Tout commence vers 1530, avec Ortensia Farnèse qui reçoit la propriété et ses titres de féodalité de son oncle, le pape Paul III Farnèse, l’initiateur du concile de Trente. Vignanello n’est alors qu’une place forte, une construction défensive plantée sur un promontoire typique de cette région : un rocher en tuffeau. Ortensia entend adoucir la rigueur toute militaire de la demeure. Elle civilise l’édifice et modifie l’accès en aménageant, notamment, au sud, une entrée majestueuse à flanc de coteau. Les visiteurs sont dès lors accueillis par diverses terrasses animées de jardins et de jeux d’eaux.

Deux générations plus tard, une autre femme applique un traitement de choc à la propriété. Ottavia est fille de Vicino Orsini, le commanditaire du  » parc des Monstres  » de Bomarzo, situé non loin de là. Elle épouse en 1574 le petit-fils d’Ortensia, Marcantonio Marescotti dont elle a deux fils, Sforza et Galeazo. C’est après la mort de Marcantonio que Ottavia prend en main la destinée du domaine familial, avant d’en céder la gestion à ses enfants. On pense généralement qu’il ne lui a fallu guère plus de deux ans – de 1610 à 1612 – pour réaliser le plus beau parterre de buis de la Renaissance italienne qui s’offre à nos yeux aujourd’hui encore.

 » Ottavia Orsini a dû déployer des moyens considérables pour créer la levée de terrain qui a permis d’installer les jardins, s’enthousiasme Claudia Ruspoli, passionnée par le patrimoine familial.

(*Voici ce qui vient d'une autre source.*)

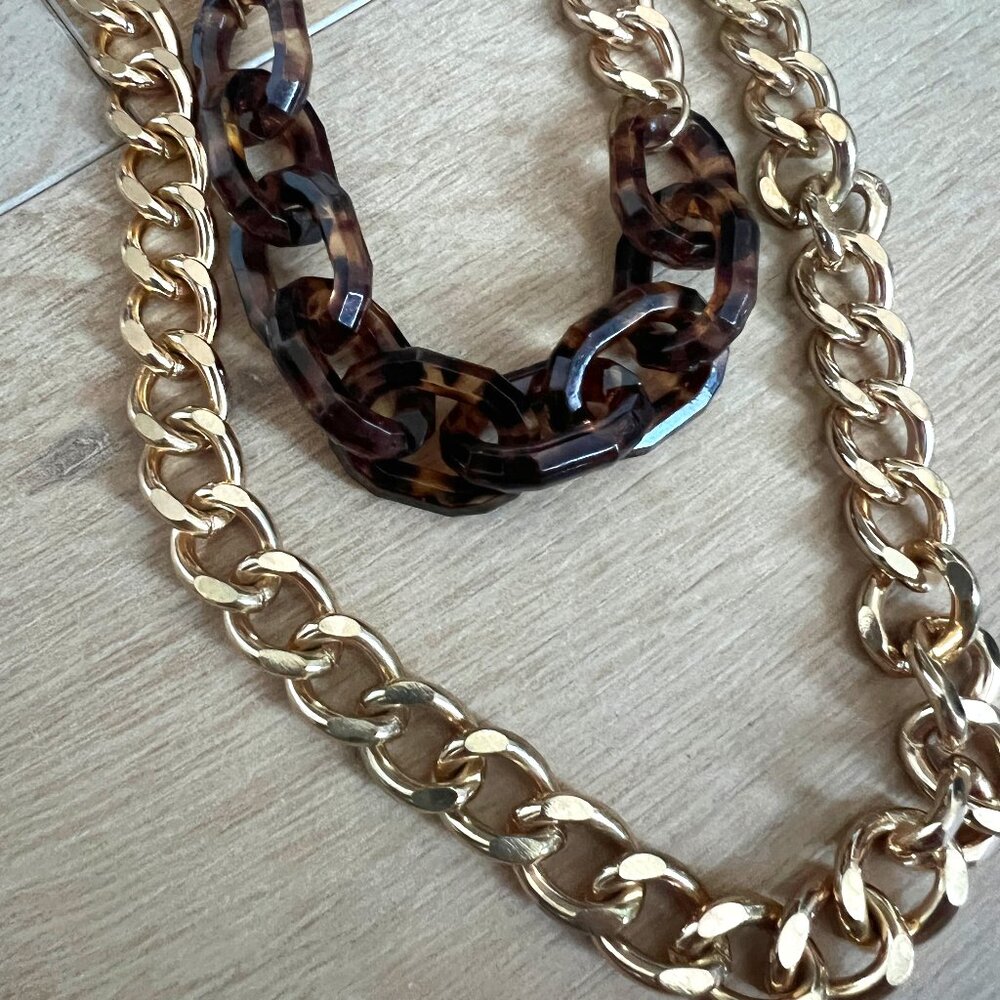 Layered Gold Tone and Tortiseshell Chain Necklace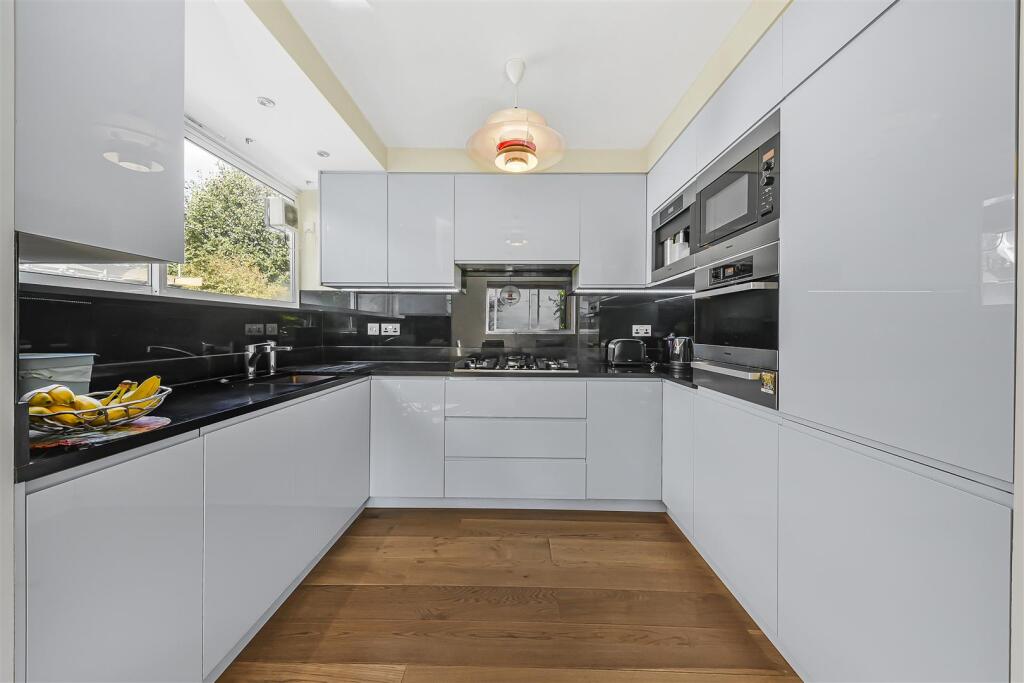 Apartment in London - View 3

La forteresse étant isolée dans sa vallée, elle a fait construire à côté une immense muraille de soutènement qui a permis de retenir des milliers de tonnes de terre, celle du jardin principal et du petit jardin secret en contrebas. C’est alors qu’ont pu commencer les plantations. On pense que les dessins originaux ont été réalisés en romarin et en sauge, pour le parfum de ces aromates, fort prisés au Moyen Age. Ils ont ensuite été remplacés par des buis et des lauriers.  »

De O en O…

Pour accéder aux jardins suspendus de Vignanello, Ottavia Orsini a fait construire un pont qui les relie au château et qu’on emprunte aujourd’hui encore. On peut ainsi se promener parmi les 12 quadrilatères qui composent le grand rectangle. Depuis les salons du premier étage on discerne d’autant mieux les principaux motifs. Le O, initiale de l’initiatrice des lieux, est très présent. On trouve notamment deux O concentriques (pour Ottavia Orsini). L’un d’entre eux est une sorte de gynécée entourant un G et un S imbriqués, représentant les initiales des prénoms des fils Sforza et Galeazo. Un autre O enserre un motif évoquant une fleur à 8 pétales, sans doute la rose figurant sur les armoiries de la famille Orsini.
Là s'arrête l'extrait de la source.